* Rural sales would mean complex regulatory process
* Sees single data plans that bundle call fees
* Expects more attempts at industry consolidation
By Sinead Carew
NEW YORK, June 1 (Reuters) - AT&T Inc Chief Executive Randall Stephenson said on Friday that a sale of rural phone lines may be too difficult to pull off because of regulatory hurdles.
Stephenson had said in January that the company would review the future of its roughly 20 million rural telephone lines, including the possibility for a sale.
But selling the phone lines could be difficult because of their diverse geographic locations, the executive said on Friday in a webcast of a Sanford C. Bernstein investor conference.
“The regulatory issues are the most difficult to deal with. It’s more than finding a buyer or the operational aspects,” Stephenson said.
Because the lines are in different states a sale would require approval from multiple regulators, creating a complicated process, said Stephenson, who added that the lines span 80 percent of AT&T’s geographic footprint.
The executive added, “if you are going to do a sale and you want to do something meaningful, it’s going to cover multiple states, which is going to mean multiple approvals, which is going to mean a significant amount of time and so forth. So we’re working that,” but he said “that’s the part that would be causing you to pause.”
Stephenson also said AT&T was not surprised by weak U.S. employment numbers announced on Friday as his corporate clients have not been hiring.
As for the wireless side of AT&T’s business, Stephenson repeated his complaint about a need for more spectrum because data usage is expected to increase at a rate of 75 percent a year for the next five years.
As a result prices for data services will continue to rise until regulators free up more wireless spectrum for companies like AT&T, Stephenson said.
“I think there’s going to be pricing pressure in the industry for the foreseeable future,” he said, as new wireless technologies would only partly mitigate the imbalance of supply and demand for data services.
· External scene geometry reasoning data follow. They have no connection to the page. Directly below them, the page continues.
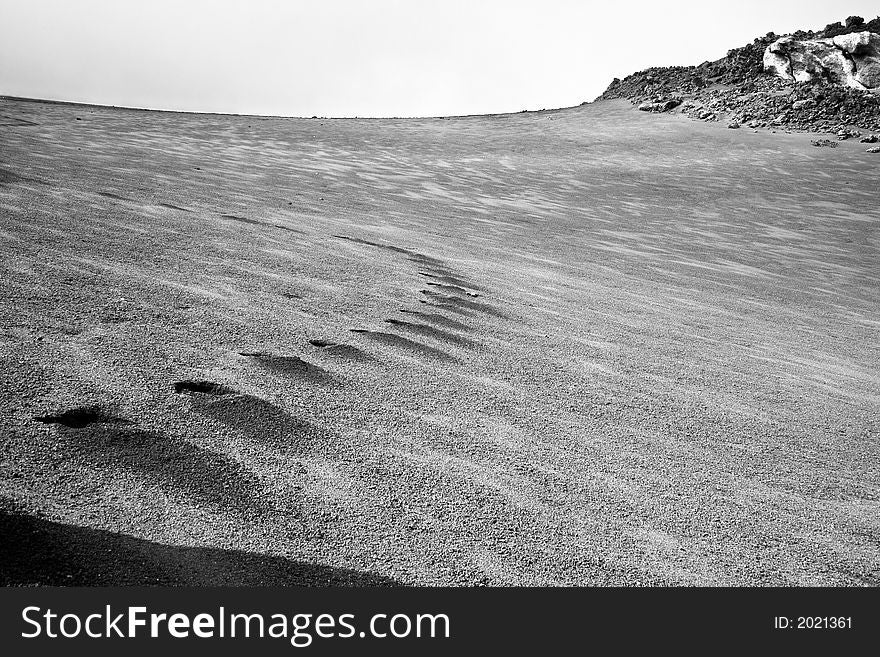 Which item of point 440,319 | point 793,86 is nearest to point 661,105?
point 793,86

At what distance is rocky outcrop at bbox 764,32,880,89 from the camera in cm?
2045

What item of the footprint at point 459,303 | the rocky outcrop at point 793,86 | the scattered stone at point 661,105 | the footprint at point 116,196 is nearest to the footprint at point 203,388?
the footprint at point 459,303

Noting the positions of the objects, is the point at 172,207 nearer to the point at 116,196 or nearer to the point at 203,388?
the point at 116,196

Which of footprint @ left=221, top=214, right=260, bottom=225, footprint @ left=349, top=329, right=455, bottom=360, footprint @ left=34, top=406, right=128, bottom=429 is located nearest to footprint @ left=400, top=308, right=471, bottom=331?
footprint @ left=349, top=329, right=455, bottom=360

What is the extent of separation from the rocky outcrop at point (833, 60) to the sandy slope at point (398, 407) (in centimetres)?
1914

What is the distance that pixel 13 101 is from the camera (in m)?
14.9

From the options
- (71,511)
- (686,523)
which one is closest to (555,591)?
(686,523)

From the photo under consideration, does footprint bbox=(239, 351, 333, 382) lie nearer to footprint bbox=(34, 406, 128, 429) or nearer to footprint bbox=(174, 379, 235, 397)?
footprint bbox=(174, 379, 235, 397)

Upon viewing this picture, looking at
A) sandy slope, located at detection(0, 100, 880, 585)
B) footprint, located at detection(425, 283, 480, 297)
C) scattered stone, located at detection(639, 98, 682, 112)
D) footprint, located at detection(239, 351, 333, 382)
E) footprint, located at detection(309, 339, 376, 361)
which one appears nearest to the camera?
sandy slope, located at detection(0, 100, 880, 585)

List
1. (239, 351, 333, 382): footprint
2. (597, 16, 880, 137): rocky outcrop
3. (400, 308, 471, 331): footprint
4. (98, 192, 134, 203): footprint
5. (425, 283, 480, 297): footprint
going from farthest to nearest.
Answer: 1. (597, 16, 880, 137): rocky outcrop
2. (98, 192, 134, 203): footprint
3. (425, 283, 480, 297): footprint
4. (400, 308, 471, 331): footprint
5. (239, 351, 333, 382): footprint

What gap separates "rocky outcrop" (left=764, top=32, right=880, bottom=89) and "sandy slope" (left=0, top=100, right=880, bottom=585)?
19.1 metres

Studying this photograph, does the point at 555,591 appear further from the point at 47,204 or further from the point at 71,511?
the point at 47,204

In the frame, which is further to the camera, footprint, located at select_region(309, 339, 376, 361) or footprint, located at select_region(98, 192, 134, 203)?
footprint, located at select_region(98, 192, 134, 203)

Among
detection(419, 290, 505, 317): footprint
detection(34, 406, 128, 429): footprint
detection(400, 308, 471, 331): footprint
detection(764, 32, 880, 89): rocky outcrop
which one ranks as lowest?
detection(34, 406, 128, 429): footprint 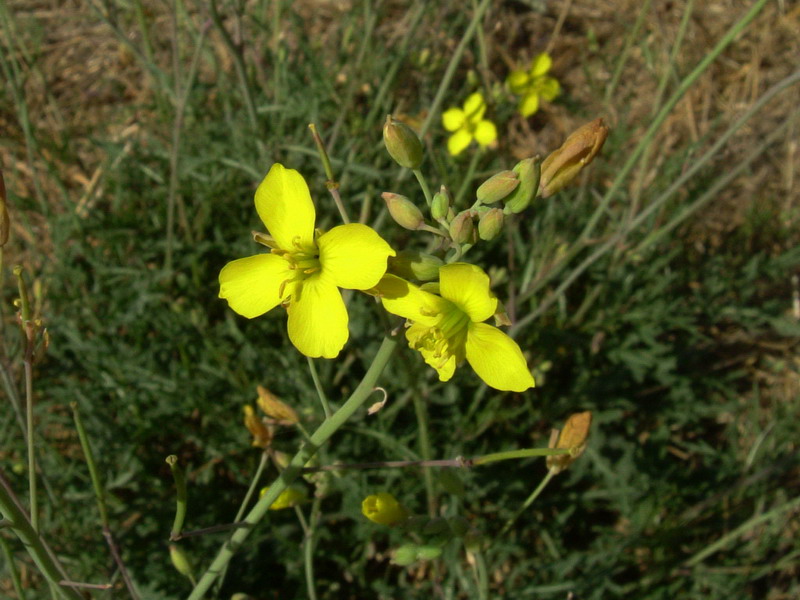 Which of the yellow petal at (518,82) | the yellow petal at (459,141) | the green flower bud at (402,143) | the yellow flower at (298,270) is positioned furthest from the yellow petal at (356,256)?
the yellow petal at (518,82)

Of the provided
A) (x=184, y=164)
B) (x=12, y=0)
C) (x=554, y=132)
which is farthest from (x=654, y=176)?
(x=12, y=0)

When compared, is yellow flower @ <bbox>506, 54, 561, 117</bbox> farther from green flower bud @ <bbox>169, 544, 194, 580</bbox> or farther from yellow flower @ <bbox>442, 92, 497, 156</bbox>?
green flower bud @ <bbox>169, 544, 194, 580</bbox>

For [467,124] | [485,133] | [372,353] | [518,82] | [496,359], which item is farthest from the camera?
[518,82]

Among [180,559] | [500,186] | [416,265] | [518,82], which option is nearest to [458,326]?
[416,265]

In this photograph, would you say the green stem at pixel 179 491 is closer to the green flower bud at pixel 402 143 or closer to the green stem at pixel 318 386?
the green stem at pixel 318 386

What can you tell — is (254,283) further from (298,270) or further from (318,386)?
(318,386)

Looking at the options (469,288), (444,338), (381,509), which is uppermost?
(469,288) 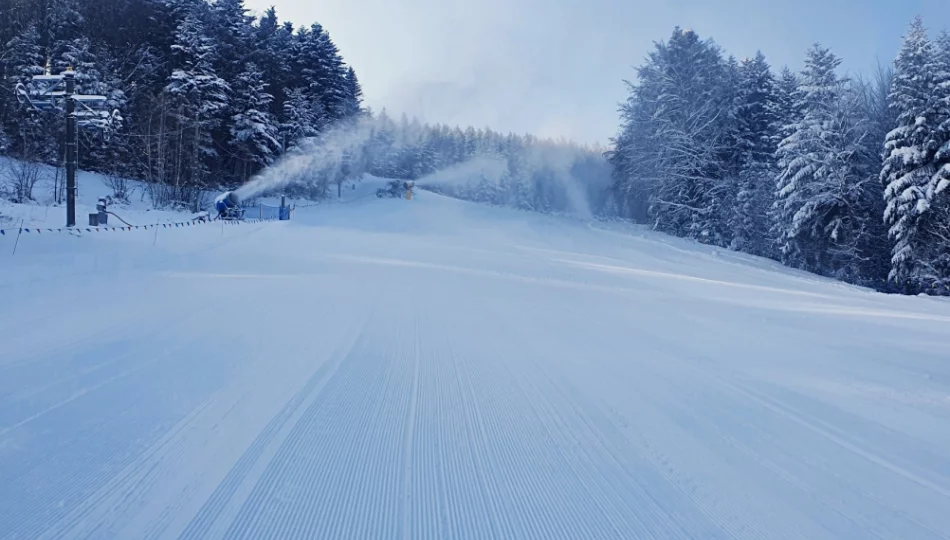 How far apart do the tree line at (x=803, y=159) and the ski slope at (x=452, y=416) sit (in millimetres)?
16945

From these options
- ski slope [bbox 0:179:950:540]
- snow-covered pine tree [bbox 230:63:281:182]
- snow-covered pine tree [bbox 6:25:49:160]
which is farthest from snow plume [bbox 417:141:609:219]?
ski slope [bbox 0:179:950:540]

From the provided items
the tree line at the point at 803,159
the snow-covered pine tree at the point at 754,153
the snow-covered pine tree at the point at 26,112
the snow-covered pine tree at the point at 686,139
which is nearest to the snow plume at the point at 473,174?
the tree line at the point at 803,159

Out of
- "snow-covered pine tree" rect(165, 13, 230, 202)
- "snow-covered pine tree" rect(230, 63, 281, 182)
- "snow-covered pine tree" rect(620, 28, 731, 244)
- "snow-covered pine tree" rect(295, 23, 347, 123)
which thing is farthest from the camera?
"snow-covered pine tree" rect(295, 23, 347, 123)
The executive said that wireless business models would change in coming years as operator grapple with high demand.
Along with developing data plans where consumers would be allowed to have one subscription for several devices, AT&T is also talking to content providers who want to contribute to wireless data fees in the hope of attracting consumers to their services.
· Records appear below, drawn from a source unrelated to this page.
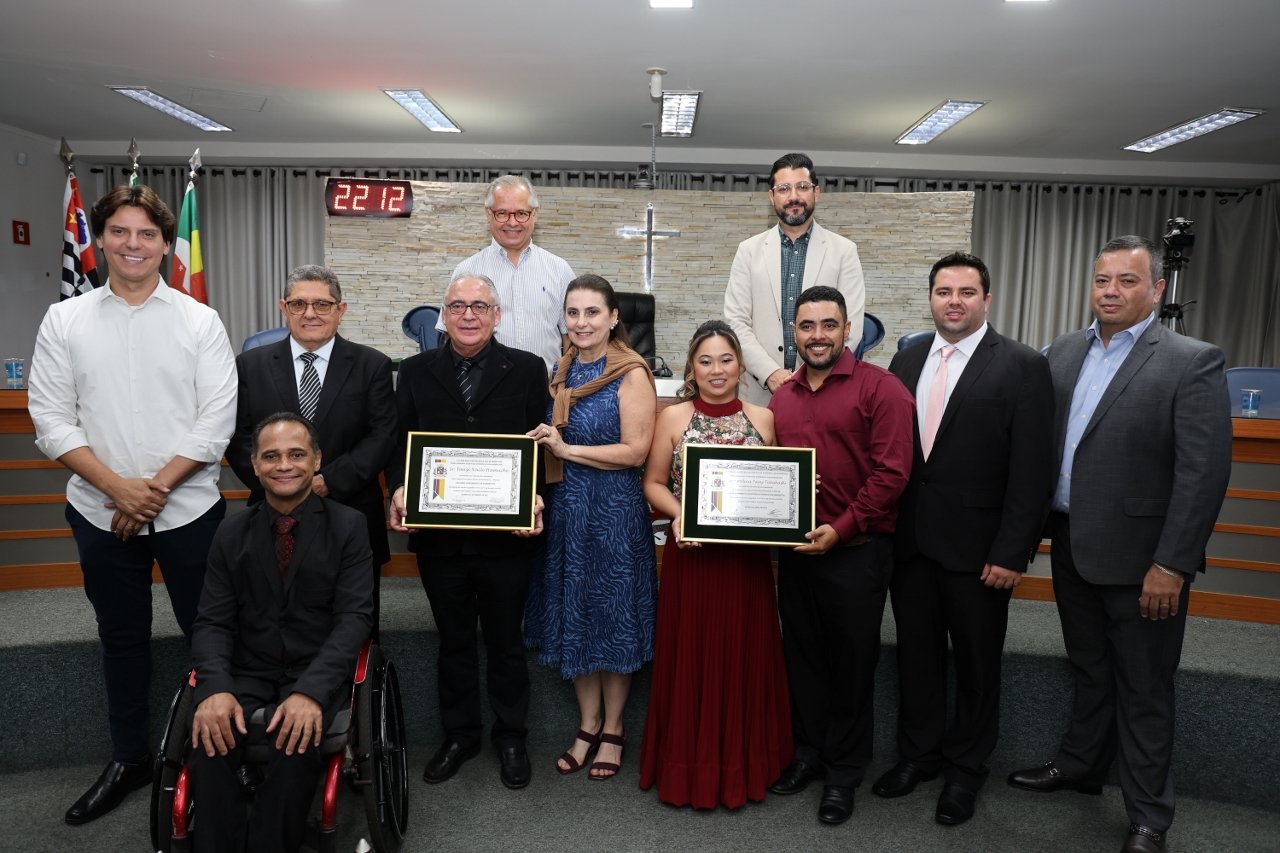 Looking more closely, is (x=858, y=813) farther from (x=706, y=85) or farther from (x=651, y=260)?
(x=651, y=260)

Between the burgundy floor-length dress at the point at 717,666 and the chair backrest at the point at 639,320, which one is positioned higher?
the chair backrest at the point at 639,320

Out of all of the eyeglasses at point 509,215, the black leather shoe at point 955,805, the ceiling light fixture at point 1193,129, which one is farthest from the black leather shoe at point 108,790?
the ceiling light fixture at point 1193,129

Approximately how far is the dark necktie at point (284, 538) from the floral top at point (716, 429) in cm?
111

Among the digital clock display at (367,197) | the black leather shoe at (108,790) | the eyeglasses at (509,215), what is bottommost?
the black leather shoe at (108,790)

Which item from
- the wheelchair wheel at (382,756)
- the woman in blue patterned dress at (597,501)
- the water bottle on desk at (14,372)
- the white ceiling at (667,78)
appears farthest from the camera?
the white ceiling at (667,78)

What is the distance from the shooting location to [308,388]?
2.53 meters

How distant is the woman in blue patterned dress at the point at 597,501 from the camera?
2.58 m

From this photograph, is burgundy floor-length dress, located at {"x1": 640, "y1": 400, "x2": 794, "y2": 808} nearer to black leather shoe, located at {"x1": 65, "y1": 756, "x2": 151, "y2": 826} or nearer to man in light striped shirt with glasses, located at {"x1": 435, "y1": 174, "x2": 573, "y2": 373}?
man in light striped shirt with glasses, located at {"x1": 435, "y1": 174, "x2": 573, "y2": 373}

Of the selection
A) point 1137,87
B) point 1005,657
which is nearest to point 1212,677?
point 1005,657

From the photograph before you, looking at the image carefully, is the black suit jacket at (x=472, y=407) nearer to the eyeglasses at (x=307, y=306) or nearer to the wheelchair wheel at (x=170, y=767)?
the eyeglasses at (x=307, y=306)

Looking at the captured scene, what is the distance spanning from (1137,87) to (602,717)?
6088 millimetres

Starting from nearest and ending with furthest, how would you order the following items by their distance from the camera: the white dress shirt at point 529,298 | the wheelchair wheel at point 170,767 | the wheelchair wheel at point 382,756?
the wheelchair wheel at point 170,767
the wheelchair wheel at point 382,756
the white dress shirt at point 529,298

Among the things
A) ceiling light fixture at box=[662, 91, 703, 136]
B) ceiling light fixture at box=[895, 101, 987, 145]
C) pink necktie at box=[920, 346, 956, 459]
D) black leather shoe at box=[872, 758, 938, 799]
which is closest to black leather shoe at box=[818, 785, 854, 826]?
black leather shoe at box=[872, 758, 938, 799]

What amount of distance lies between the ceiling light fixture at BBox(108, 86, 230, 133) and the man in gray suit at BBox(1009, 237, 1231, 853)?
23.6 ft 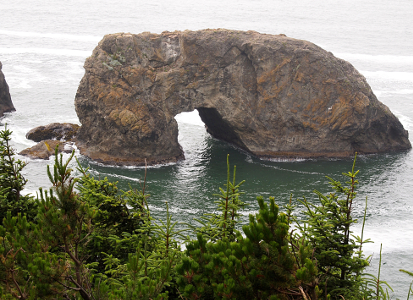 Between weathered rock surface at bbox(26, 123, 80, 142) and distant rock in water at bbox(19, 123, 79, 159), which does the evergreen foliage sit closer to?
distant rock in water at bbox(19, 123, 79, 159)

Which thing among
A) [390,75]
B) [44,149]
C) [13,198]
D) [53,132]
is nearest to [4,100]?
[53,132]

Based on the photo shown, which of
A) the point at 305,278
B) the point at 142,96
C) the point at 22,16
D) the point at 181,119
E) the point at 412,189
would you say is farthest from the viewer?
the point at 22,16

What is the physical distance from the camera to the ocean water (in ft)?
132

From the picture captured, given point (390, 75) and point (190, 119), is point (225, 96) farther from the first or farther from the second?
point (390, 75)

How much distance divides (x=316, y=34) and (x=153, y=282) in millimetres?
117625

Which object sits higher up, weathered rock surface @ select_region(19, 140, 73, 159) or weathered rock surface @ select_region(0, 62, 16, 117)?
weathered rock surface @ select_region(0, 62, 16, 117)

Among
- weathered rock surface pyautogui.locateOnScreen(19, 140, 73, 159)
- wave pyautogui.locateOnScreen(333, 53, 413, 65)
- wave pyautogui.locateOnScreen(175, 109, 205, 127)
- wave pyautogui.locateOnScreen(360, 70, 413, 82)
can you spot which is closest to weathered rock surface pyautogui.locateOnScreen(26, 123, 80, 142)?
weathered rock surface pyautogui.locateOnScreen(19, 140, 73, 159)

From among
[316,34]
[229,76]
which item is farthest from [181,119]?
[316,34]

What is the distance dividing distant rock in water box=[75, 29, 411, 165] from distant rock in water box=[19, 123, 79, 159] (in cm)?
219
Stephenson also expects that phone call fees, once AT&T’s main source of revenue, will soon start to be bundled with fees for data services at wireless operators.
“I’ll be surprised if in the next 24 months we don’t see people in the market with data-only plans,” he said.
Last year AT&T failed in an effort to get its hands on more spectrum as its $39 billion plan to buy No. 4 U.S. mobile service T-Mobile USA collapsed due to regulatory opposition.
The executive told investors that he would be “stunned and surprised” if more operators did not attempt to consolidate in coming months but he declined to comment on AT&T’s plans.
AT&T shares were down 0.7 percent at $33.93 on the New York Stock Exchange on Friday, a day of broad losses for stocks.